▶ Prompt: Where the records below show a line containing "Aotearoa Tapuika Shower", start copying; end with the line containing "timers brug. HBM", and copy it too.
===== The data =====
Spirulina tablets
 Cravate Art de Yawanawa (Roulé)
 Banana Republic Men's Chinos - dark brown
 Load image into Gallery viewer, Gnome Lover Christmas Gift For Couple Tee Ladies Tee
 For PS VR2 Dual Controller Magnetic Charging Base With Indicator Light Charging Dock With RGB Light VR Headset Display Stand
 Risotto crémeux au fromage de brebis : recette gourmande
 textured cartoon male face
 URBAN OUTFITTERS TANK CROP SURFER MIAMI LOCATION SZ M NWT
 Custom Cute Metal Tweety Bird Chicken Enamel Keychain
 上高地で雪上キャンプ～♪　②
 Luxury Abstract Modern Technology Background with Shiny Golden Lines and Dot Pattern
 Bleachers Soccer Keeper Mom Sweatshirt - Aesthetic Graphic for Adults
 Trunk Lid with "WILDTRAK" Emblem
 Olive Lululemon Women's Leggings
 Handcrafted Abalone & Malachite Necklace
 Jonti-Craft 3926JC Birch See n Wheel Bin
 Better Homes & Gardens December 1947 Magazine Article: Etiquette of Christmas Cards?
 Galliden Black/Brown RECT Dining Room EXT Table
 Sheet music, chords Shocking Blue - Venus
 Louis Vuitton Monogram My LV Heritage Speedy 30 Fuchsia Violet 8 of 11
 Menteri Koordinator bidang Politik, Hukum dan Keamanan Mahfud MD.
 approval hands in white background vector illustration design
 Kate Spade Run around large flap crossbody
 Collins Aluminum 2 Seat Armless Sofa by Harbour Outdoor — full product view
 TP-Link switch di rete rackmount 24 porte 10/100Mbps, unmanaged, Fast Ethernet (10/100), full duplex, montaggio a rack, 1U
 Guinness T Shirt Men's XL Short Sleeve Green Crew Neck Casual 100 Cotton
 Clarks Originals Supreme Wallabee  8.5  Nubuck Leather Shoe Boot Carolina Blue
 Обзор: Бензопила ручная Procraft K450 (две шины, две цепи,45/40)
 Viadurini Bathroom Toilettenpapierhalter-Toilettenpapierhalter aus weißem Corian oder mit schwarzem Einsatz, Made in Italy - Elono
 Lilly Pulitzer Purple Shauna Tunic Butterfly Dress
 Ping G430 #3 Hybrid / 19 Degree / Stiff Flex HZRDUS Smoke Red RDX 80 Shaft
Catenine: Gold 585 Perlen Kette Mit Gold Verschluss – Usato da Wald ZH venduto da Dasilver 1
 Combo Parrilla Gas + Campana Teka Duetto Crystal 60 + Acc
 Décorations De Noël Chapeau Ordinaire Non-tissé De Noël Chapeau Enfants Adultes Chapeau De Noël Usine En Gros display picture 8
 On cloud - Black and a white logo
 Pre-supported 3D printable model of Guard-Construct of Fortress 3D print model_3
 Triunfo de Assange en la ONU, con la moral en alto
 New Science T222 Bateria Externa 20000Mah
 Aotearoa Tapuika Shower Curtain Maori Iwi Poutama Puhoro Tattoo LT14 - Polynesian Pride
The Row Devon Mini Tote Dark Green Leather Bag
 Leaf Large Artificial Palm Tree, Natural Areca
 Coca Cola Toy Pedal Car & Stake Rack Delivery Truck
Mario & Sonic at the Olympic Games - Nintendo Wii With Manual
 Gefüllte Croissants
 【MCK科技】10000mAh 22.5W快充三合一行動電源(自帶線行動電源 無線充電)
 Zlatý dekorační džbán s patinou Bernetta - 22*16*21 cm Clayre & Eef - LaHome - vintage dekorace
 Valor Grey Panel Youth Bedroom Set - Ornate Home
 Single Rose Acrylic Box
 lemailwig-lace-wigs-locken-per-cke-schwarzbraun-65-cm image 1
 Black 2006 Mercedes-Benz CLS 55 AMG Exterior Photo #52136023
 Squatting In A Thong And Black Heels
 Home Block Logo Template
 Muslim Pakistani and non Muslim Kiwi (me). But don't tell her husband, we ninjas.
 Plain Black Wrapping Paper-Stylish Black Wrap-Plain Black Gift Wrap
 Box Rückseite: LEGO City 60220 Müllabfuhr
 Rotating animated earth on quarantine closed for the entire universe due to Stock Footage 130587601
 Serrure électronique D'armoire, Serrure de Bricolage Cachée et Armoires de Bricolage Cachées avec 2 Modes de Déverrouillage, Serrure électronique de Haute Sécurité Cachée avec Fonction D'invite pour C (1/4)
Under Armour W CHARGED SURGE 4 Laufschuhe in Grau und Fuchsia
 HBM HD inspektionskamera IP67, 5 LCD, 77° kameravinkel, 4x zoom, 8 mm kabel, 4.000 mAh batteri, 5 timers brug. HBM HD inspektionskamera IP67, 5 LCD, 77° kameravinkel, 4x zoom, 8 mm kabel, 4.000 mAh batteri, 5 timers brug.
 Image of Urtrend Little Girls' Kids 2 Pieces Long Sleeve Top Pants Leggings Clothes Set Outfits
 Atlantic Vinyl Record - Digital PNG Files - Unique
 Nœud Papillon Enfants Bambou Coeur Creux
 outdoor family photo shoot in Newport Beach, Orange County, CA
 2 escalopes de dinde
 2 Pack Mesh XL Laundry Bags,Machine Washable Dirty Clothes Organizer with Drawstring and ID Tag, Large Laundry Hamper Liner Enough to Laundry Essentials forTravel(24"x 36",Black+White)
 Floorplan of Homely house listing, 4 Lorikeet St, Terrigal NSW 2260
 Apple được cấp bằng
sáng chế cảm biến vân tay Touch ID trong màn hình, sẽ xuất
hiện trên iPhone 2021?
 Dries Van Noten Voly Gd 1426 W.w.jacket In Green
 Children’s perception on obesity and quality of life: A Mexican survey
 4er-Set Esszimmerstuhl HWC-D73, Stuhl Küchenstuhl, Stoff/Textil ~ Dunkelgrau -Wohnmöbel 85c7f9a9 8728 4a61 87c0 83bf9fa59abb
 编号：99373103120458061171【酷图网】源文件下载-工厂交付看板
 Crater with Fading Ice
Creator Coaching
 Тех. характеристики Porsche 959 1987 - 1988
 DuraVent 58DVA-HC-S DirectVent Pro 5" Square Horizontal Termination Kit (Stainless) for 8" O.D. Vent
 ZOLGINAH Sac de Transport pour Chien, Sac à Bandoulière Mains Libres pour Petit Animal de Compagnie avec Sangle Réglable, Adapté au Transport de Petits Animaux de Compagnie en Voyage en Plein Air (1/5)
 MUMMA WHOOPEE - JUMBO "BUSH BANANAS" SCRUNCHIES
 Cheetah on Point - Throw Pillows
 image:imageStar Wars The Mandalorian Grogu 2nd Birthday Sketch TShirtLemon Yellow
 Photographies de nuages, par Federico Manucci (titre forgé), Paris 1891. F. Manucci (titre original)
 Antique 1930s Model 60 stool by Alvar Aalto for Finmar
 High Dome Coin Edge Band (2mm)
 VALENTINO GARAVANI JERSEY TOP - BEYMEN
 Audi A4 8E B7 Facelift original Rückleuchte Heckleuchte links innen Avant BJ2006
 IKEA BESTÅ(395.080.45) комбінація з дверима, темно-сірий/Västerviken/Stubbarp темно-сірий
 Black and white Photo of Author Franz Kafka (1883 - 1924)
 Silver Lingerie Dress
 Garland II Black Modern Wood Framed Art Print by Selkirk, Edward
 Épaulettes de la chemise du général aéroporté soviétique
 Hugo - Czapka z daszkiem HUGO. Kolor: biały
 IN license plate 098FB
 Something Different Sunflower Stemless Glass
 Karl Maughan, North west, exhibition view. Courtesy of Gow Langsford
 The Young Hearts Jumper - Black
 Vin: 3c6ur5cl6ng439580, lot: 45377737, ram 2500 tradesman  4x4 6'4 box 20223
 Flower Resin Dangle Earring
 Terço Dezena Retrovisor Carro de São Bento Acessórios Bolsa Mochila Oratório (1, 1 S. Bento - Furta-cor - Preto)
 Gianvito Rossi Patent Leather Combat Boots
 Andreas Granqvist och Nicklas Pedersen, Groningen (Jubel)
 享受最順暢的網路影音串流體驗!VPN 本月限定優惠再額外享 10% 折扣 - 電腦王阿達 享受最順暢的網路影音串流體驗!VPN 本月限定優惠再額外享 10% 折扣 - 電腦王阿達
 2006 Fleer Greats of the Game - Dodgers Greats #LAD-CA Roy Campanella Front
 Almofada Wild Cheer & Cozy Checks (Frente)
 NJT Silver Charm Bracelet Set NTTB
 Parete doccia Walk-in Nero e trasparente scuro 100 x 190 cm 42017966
=====
▶ Your response:
 Aotearoa Tapuika Shower Curtain Maori Iwi Poutama Puhoro Tattoo LT14 - Polynesian Pride
The Row Devon Mini Tote Dark Green Leather Bag
 Leaf Large Artificial Palm Tree, Natural Areca
 Coca Cola Toy Pedal Car & Stake Rack Delivery Truck
Mario & Sonic at the Olympic Games - Nintendo Wii With Manual
 Gefüllte Croissants
 【MCK科技】10000mAh 22.5W快充三合一行動電源(自帶線行動電源 無線充電)
 Zlatý dekorační džbán s patinou Bernetta - 22*16*21 cm Clayre & Eef - LaHome - vintage dekorace
 Valor Grey Panel Youth Bedroom Set - Ornate Home
 Single Rose Acrylic Box
 lemailwig-lace-wigs-locken-per-cke-schwarzbraun-65-cm image 1
 Black 2006 Mercedes-Benz CLS 55 AMG Exterior Photo #52136023
 Squatting In A Thong And Black Heels
 Home Block Logo Template
 Muslim Pakistani and non Muslim Kiwi (me). But don't tell her husband, we ninjas.
 Plain Black Wrapping Paper-Stylish Black Wrap-Plain Black Gift Wrap
 Box Rückseite: LEGO City 60220 Müllabfuhr
 Rotating animated earth on quarantine closed for the entire universe due to Stock Footage 130587601
 Serrure électronique D'armoire, Serrure de Bricolage Cachée et Armoires de Bricolage Cachées avec 2 Modes de Déverrouillage, Serrure électronique de Haute Sécurité Cachée avec Fonction D'invite pour C (1/4)
Under Armour W CHARGED SURGE 4 Laufschuhe in Grau und Fuchsia
 HBM HD inspektionskamera IP67, 5 LCD, 77° kameravinkel, 4x zoom, 8 mm kabel, 4.000 mAh batteri, 5 timers brug. HBM HD inspektionskamera IP67, 5 LCD, 77° kameravinkel, 4x zoom, 8 mm kabel, 4.000 mAh batteri, 5 timers brug.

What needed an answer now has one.